Thankfully the figure lived up to the myth in my head for Green Lantern. Mattel and Four Horsemen Studios nailed Hal, using the medium-sized buck Hal storms into our collection with clean paint apps, great articulation and a perfect head sculpt. Granted, I am writing that as though I just got the figure, as though I have that magic of first getting my hands on this figure, a relatively unused buck and enjoying some of the top sculpting for that time.
The figure sports a lot of great articulation, all of it useful and allowing for a ton of posing. The buck does use the signature “hippy-hinge” instead of a ball-jointed hip, but the result is the same range of motion. The bonus is that “vanilla” poses look better and less broken up than if the figure had ToyBiz-styled ball-and-socket hips.
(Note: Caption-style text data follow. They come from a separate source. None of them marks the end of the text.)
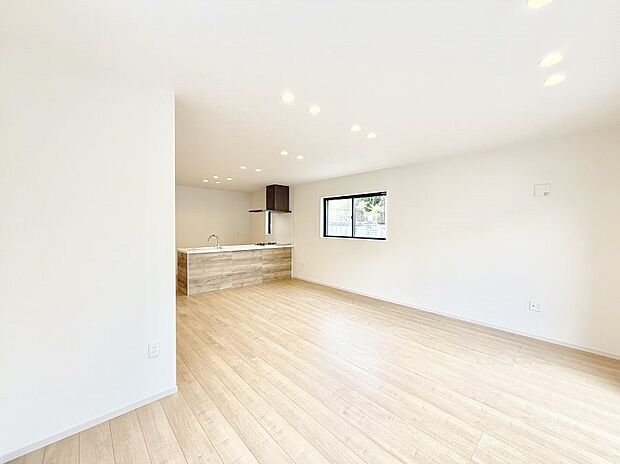 【ダイニング】■自然と心がほどける、リラックスできる場所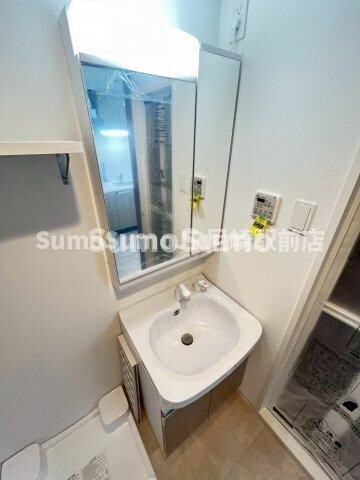 物件内観写真9　(独立洗面台、朝の身支度には欠かせません)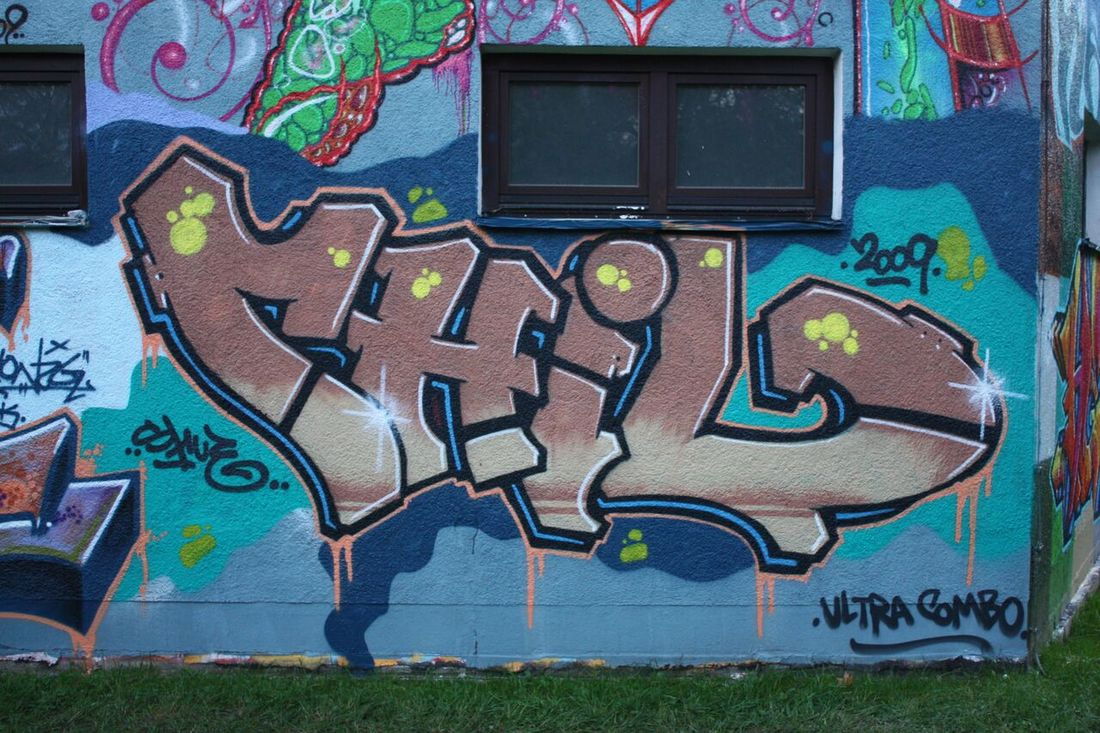 Graffiti Wall in Bayreuth - Photo by AMIDNIGHT - Birthday, Wall, Chil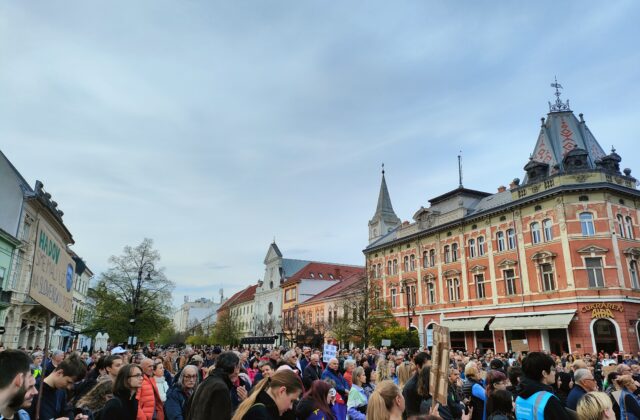 Košičania protestujú proti zmenám volebnej legislatívy, Demokrati vyzvali na inšpiráciu Budapešťou – FOTO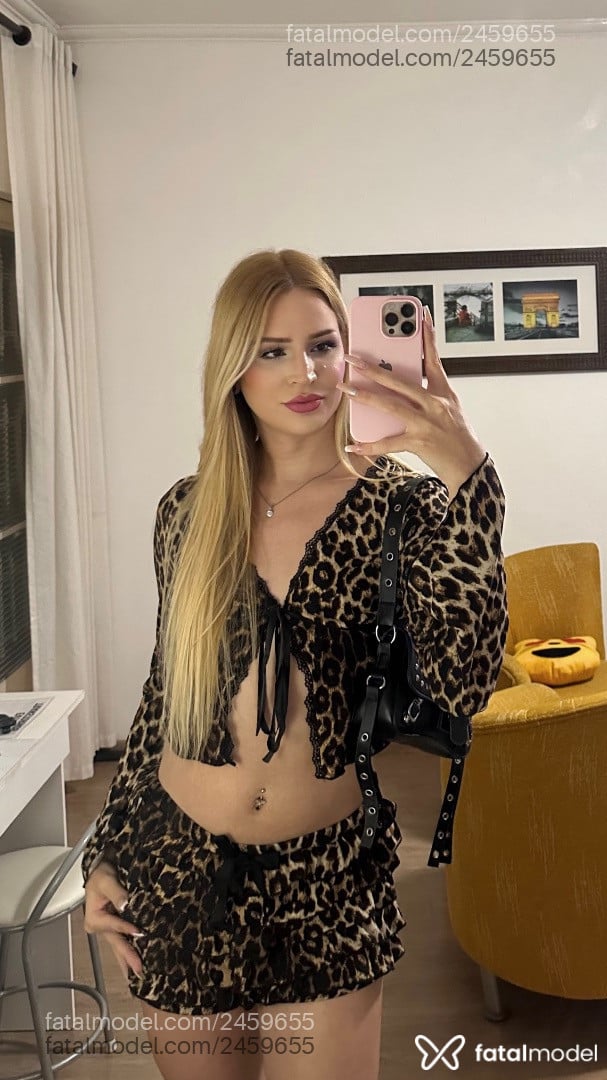 Acompanhante mulher trans loira (o) de olhos mel em Bauru Acompanhante mulher trans loira (o) de olhos mel em Bauru - Marcelly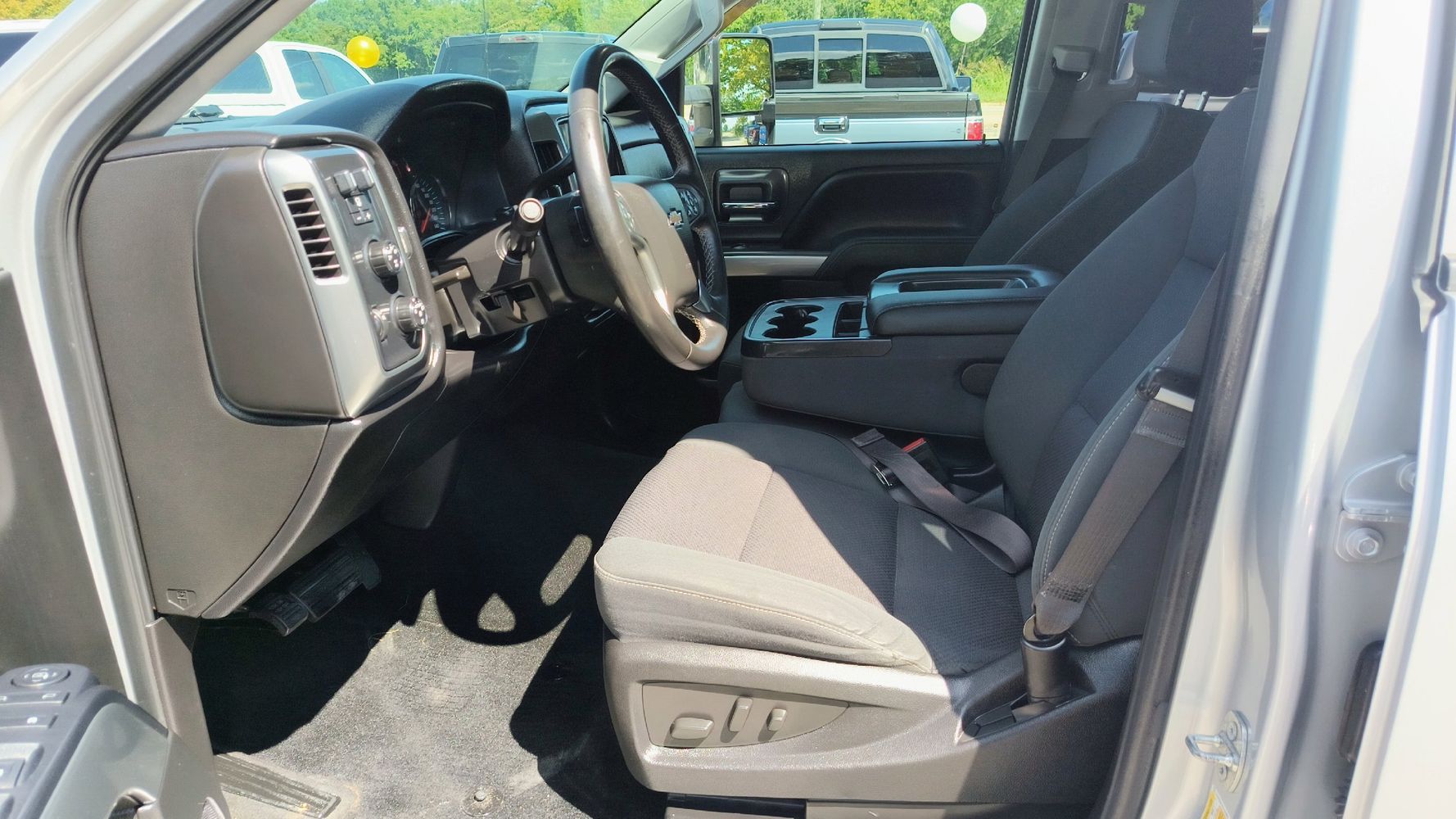 2016 Chevrolet Silverado 1500 LT photo 9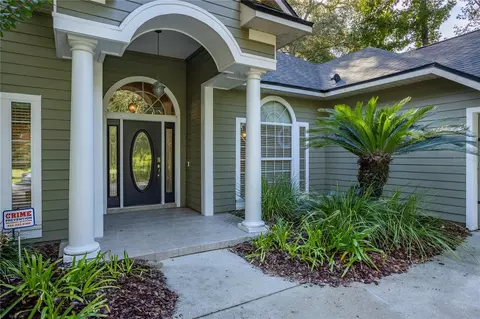Exterior - 915 SW 86th Way, Gainesville, FL 32607 photo 5 of 16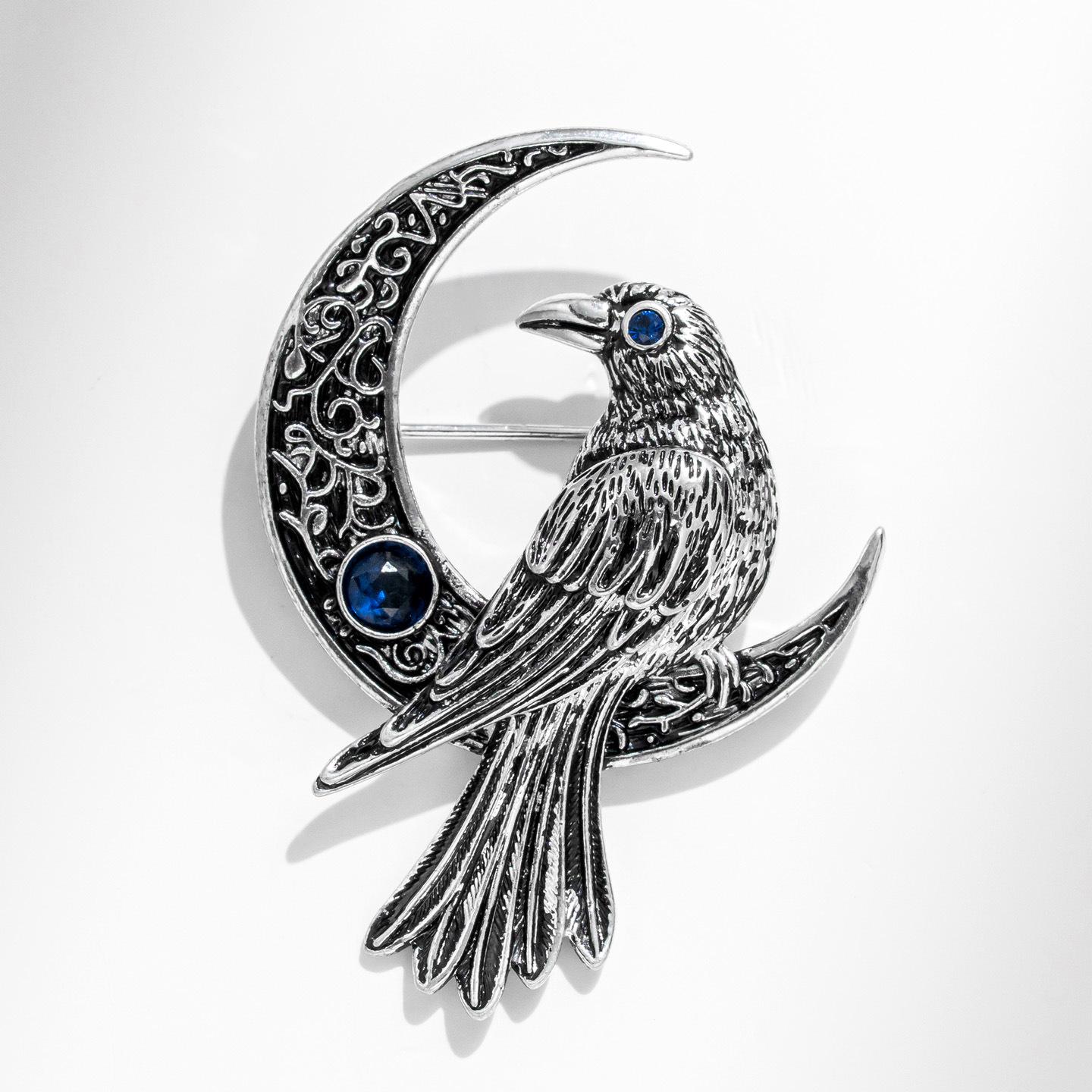 Bo Xin Yun Dark Moon Crow Lapel Pin: Exquisite Retro Design for Unique Fashion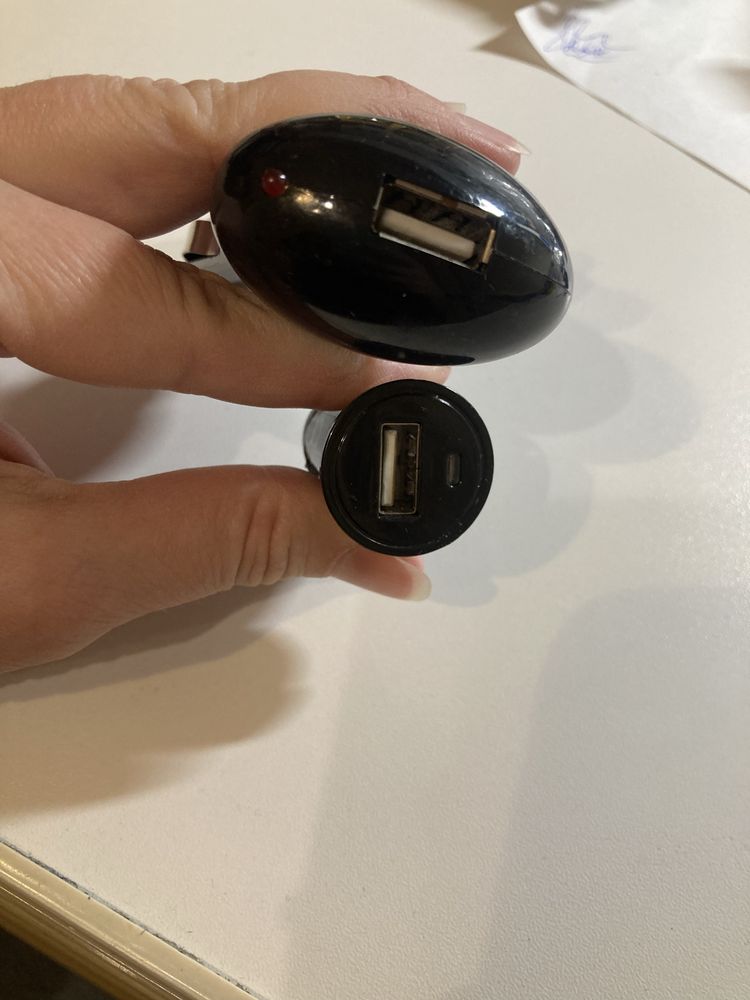 Атомобільний зарядний пристрій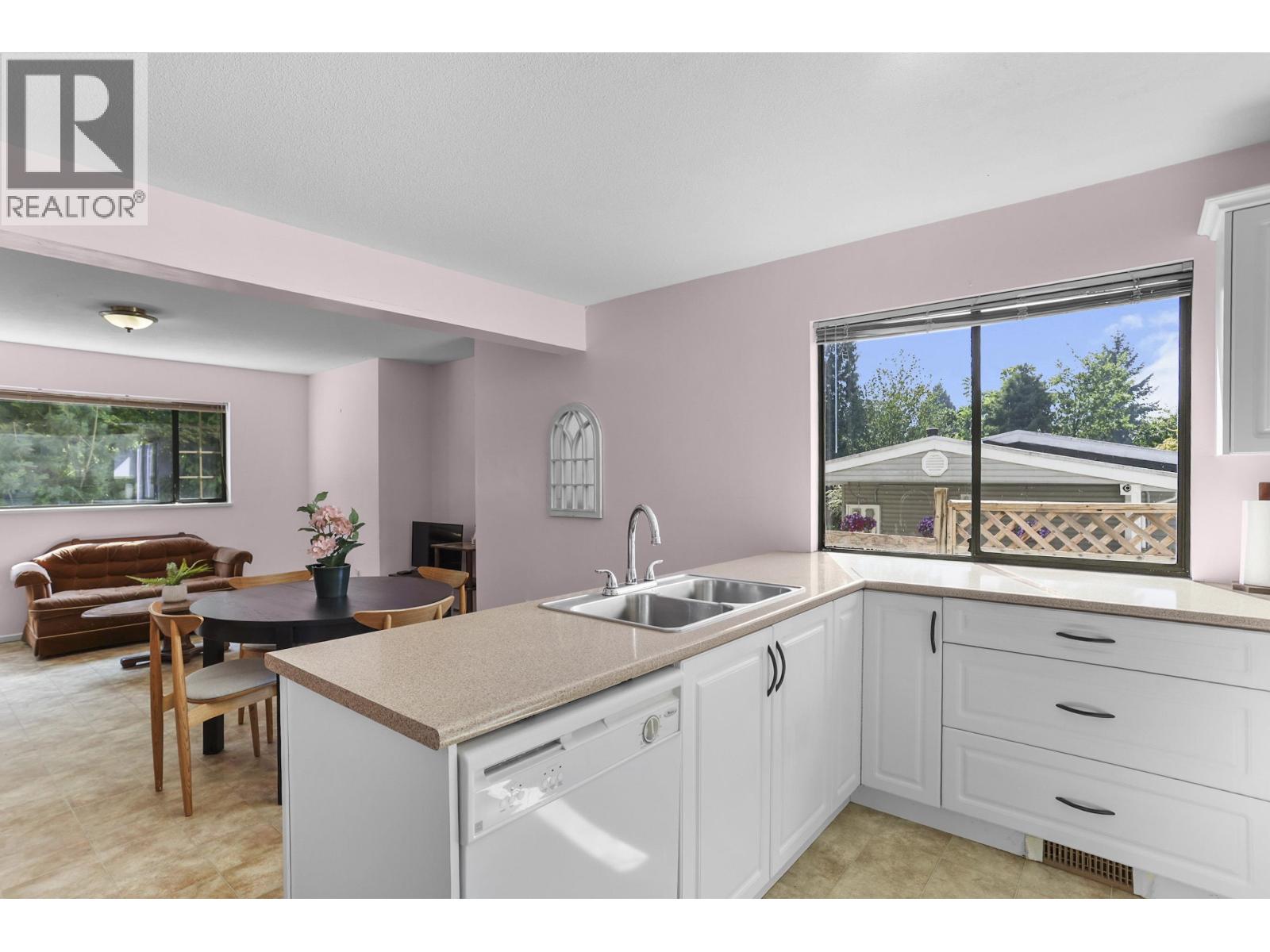 12229 Forest Place Property Photo 4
The one thing that I always wanted from DC Universe Classics was the double-jointed elbow and knees; it’s a small thing and not really needed as most of these figures can strike a fair amount of decent poses.
Hal doesn’t come with a lot of accessories, just a power battery lantern and Solomon Grundy’s left leg. Lantern constructs were not a part of the thinking at the time. The power battery is a good addition. It is green, comes with a handle, and has a good sculpt. However, the articulation can make the “powering up” pose a bit challenging. Makes me realize that I also want ball-jointed wrists.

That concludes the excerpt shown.